Certains touchent du bois, s’enfoncent parfois dans le déni dès qu’on évoque la menace sismique. D’autres, comme l’ingénieur Claude Prépetit, scrutent, analysent et affinent leurs prévisions. Celles-ci sont loin d’être bonnes pour la Caraïbe et pour Haïti en particulier. La plaque caribéenne, selon l’ingénieur-géologue, « est entrée dans une phase d’activité sismique augurant la libération d’énergie dans les failles cartographiées ou aveugles ».
Construction anarchique au Cap-Haitien
(Les images qui suivent sont toutes du Cap)

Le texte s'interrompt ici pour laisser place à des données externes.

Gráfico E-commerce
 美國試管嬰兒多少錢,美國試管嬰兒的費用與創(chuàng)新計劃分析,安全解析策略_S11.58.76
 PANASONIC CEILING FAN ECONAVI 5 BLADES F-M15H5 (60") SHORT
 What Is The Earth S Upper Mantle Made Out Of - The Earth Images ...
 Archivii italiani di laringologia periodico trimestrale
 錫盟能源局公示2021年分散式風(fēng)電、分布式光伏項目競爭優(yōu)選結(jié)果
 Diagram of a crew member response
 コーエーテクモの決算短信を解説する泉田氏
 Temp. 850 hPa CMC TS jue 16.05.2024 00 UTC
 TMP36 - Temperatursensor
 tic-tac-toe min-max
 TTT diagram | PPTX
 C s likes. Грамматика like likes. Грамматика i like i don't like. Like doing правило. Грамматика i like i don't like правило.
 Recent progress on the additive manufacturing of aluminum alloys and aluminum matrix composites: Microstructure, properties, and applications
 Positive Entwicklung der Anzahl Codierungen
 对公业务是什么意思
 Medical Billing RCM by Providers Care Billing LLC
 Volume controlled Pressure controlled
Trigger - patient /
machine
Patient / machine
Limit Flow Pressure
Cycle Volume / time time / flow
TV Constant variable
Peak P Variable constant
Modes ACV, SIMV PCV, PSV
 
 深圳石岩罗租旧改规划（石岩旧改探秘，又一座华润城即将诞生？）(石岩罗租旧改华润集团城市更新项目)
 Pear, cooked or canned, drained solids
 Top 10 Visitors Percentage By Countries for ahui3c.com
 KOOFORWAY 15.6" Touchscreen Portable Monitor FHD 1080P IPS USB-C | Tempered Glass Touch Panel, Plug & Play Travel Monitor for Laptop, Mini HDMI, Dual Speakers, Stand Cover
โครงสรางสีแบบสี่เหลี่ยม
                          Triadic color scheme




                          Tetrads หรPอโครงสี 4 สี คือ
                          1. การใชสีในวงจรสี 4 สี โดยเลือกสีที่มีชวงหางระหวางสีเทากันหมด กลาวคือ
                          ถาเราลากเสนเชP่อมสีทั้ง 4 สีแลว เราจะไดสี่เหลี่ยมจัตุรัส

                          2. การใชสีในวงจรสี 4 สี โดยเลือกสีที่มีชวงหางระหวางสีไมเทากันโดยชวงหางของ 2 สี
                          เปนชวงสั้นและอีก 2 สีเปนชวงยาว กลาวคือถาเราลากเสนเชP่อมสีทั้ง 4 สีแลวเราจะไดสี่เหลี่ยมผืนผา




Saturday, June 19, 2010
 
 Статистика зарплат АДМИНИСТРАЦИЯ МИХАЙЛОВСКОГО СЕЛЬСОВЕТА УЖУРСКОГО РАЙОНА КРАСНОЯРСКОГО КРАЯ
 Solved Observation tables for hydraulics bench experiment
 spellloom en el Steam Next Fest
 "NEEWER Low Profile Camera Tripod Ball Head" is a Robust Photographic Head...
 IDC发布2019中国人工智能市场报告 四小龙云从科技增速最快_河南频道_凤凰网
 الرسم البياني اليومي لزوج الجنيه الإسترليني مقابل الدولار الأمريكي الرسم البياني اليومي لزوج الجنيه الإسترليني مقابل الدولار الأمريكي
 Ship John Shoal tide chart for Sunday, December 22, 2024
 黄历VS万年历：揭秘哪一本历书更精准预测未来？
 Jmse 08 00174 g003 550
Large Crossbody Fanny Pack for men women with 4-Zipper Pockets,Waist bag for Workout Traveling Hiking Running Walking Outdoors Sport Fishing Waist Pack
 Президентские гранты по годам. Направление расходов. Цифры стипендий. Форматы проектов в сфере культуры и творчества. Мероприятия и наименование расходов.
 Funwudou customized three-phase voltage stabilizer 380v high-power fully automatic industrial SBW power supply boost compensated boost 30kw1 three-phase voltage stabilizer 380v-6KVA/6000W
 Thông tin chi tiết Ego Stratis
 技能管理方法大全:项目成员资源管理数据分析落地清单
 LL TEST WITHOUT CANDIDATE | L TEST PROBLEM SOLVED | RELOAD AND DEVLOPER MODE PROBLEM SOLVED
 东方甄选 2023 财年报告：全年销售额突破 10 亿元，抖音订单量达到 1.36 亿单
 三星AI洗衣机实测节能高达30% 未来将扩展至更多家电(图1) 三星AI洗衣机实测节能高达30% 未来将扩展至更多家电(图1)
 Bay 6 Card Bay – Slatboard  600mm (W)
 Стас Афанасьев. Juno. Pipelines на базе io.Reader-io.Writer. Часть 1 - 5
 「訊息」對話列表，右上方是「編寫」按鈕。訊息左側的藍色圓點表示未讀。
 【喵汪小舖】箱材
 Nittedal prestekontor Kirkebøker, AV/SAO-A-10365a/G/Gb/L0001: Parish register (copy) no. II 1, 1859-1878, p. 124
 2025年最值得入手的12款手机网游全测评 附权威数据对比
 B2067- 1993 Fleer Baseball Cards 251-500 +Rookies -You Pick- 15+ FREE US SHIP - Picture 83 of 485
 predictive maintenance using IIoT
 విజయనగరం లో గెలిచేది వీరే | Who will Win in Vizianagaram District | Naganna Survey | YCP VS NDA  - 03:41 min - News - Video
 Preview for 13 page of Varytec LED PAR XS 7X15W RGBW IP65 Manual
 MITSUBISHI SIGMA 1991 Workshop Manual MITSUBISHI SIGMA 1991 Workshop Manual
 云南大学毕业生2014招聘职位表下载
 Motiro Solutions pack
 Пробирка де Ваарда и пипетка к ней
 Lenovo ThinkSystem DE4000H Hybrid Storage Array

Sur la plaque caribéenne, coincée entre celles de l’Amérique du Nord, de l’Amérique du Sud et des Cocos, quelques failles s’illustrent. A Anguilla, du 10 au 14 juillet 2012, 8 séismes de magnitude 2,9 à 3,4 sur l’échelle de Richter ont été recensés par les sismographes de l’USGS. En République dominicaine, le 7 juillet, un séisme de 5,1 a été enregistré à Barahona. Un autre de 2,9 s’est produit à Higuey le 10 juillet. Le lendemain, à Atomayor del Rey, il y a eu un séisme de 4,4. Deux jours plus tard, à Boca de Yoma, un autre tremblement de terre de 3,1 a été signalé, rapporte l’ingénieur Claude Prépetit.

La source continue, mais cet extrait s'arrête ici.